Bütün kâinatı insana koşturan, rahmettir

altÜçüncü Sır

Şu hadsiz kâinatı şenlendiren, bilmüşahede, rahmettir. Ve bu karanlıklı mevcudatı ışıklandıran, bilbedahe, yine rahmettir. Ve bu hadsiz ihtiyâcât içinde yuvarlanan mahlûkatı terbiye eden, bilbedahe, yine rahmettir. Ve bir ağacın bütün hey’etiyle meyvesine müteveccih olduğu gibi, bütün kâinatı insana müteveccih eden ve her tarafta ona baktıran ve muavenetine koşturan, bilbedahe, rahmettir. Ve bu hadsiz fezayı ve boş ve hâlî âlemi dolduran, nurlandıran ve şenlendiren, bilmüşahede, rahmettir. Ve bu fânî insanı ebede namzet eden ve ezelî ve ebedî bir Zata muhatap ve dost yapan, bilbedahe, rahmettir.

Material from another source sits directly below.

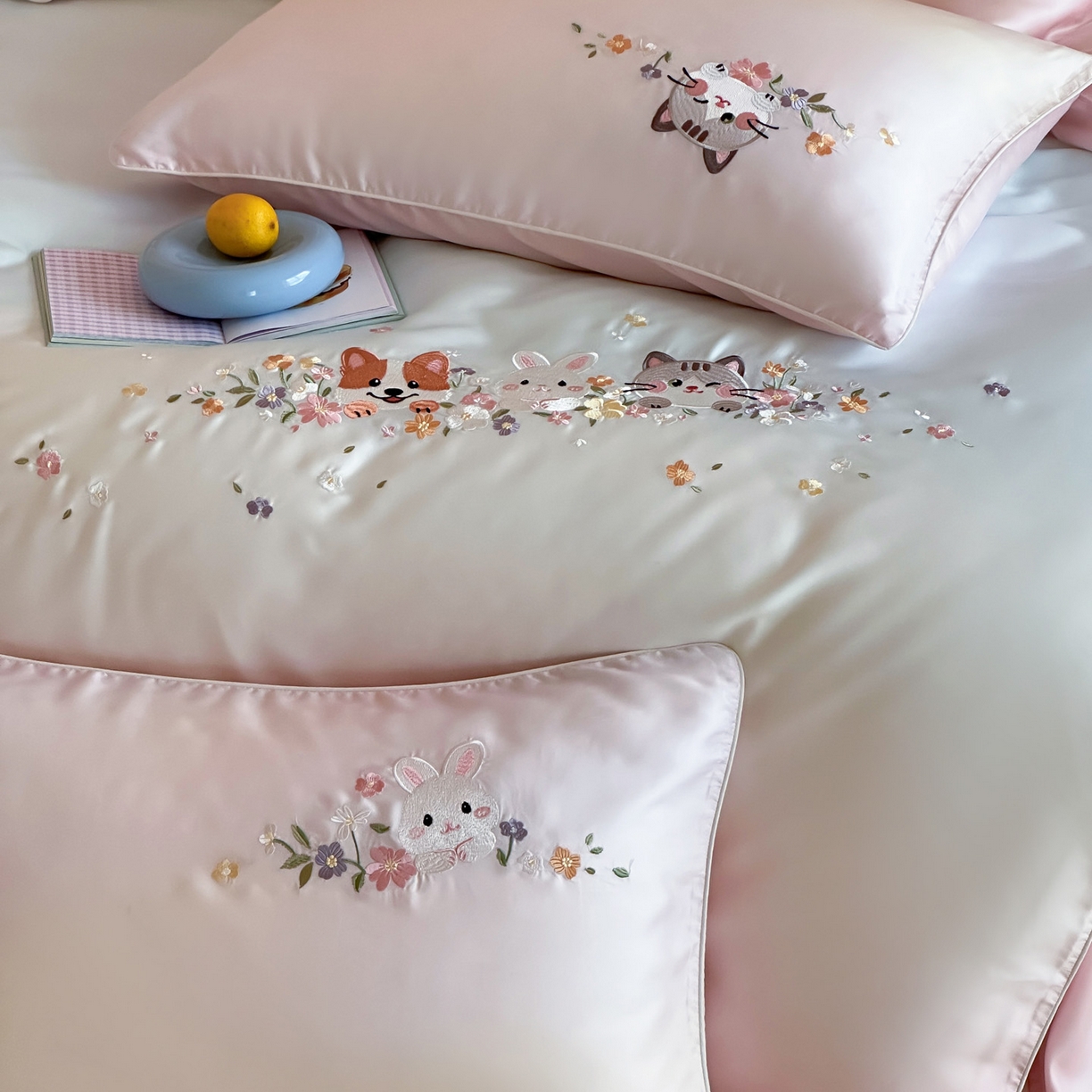 91家纺网 家纺一手货源 找家纺 （总）爱缦 2026新款60s兰精天丝数码印花绣花四件套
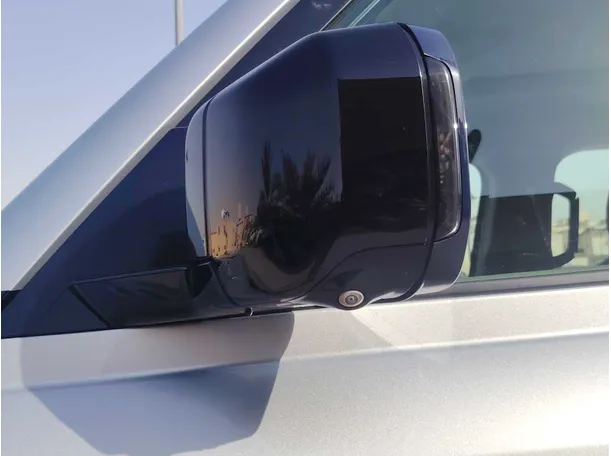 Car image 25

Ey insan! Madem rahmet böyle kuvvetli ve câzibedar ve sevimli ve mededkâr bir hakikat-i mahbubedir; “Bismillâhirrahmânirrahîm” de, o hakikate yapış ve vahşet-i mutlakadan ve hadsiz ihtiyâcâtın elemlerinden kurtul. Ve o Sultan-ı Ezel ve Ebed’in tahtına yanaş ve o rahmetin şefkatiyle, şefaatiyle ve şuââtıyla o Sultana muhatap ve halil ve dost ol.

Evet, kâinatın envâını hikmet dairesinde insanın etrafında toplayıp bütün hâcâtına kemâl-i intizam ve inayet ile koşturmak, bilbedahe, iki hâletten birisidir:

Ya kâinatın her bir nev’i kendi kendine insanı tanıyor, ona itaat ediyor, muavenetine koşuyor. Bu ise, yüz derece akıldan uzak olduğu gibi, çok muhalâtı intâc ediyor. İnsan gibi bir âciz-i mutlakta, en kuvvetli bir sultan-ı mutlakın kudreti bulunmak lâzım geliyor. Veyahut, bu kâinatın perdesi arkasında bir Kadîr-i Mutlak’ın ilmi ile bu muavenet oluyor. Demek kâinatın envâı insanı tanıyor değil; belki, insanı bilen ve tanıyan, merhamet eden bir Zatın tanımasının ve bilmesinin delilleridir.

Sözler, On Dördüncü Lem’anın İkinci Makamı, s. 23

Benzer konuda makaleler:

İlk yorum yapan olun

Makale hakkında düşüncelerinizi paylaşın...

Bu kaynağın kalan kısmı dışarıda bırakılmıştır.